Truth to tell, from casting to cutting, there is scarcely a single smart move anywhere in this ham-fisted adaptation. More reduction than redux, Charlie throws Thandie Newton, the doll-faced moll from Mission Impossible, to the wolves as Reggie, a newlywed soon-to-be-divorcee who returns to Paris to find herself suddenly widowed. It seems that the titular Charlie was not the playboy art-dealer she fell for on a whim, but some kind of international nogoodnik.
Turns out that her late future ex's heartless enemies and even more dangerous friends are convinced that Charlie has stashed away millions of dollars, and soon everyone is trying to get the apparently innocent Reggie to lead them to lost loot -- including the handsome stranger (Wahlberg), who conveniently keeps popping up just in time to save her skin, and who may have killed her husband.

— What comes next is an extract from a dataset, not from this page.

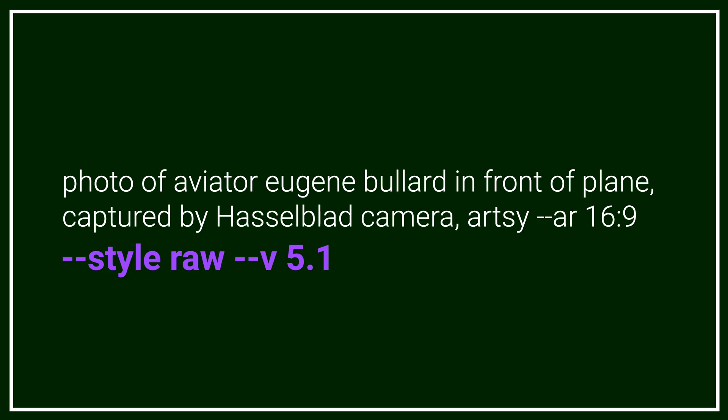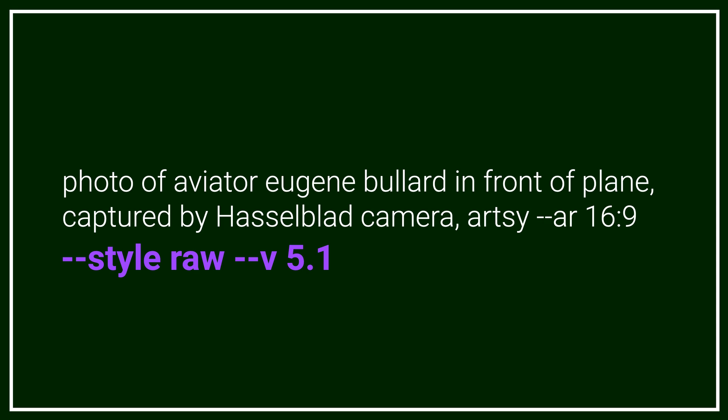There are two ways you can enable raw mode. First, Midjourney raw mode in a prompt — if you want to use raw mode for specific prompts and not all the time, add the style raw parameter to the end of your input prompt. Second, permanent activation via settings — to ensure raw mode is always enabled for all your image creations, activate it within your Midjourney settings.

In Charade, the burgeoning affair between Audrey Hepburn's Reggie and her roguish rescuer, played by Cary Grant, holds the amazingly convoluted story together and keeps the twist-a-minute movie from completely jumping the tracks. Without this core element of gamesome glamour, Charlie doesn't just fall apart, it never comes together at all.
Some of the freshness of Peter Stone's original script has lasted (the revelation of where the booty has been hidden still pays off pretty well) as do a slew of gifted actors playing support, including Lambs vet Ted Levine and Tim Robbins, but it's way too little and way too late to redeem this incompetent impersonation. Rent the real thing instead.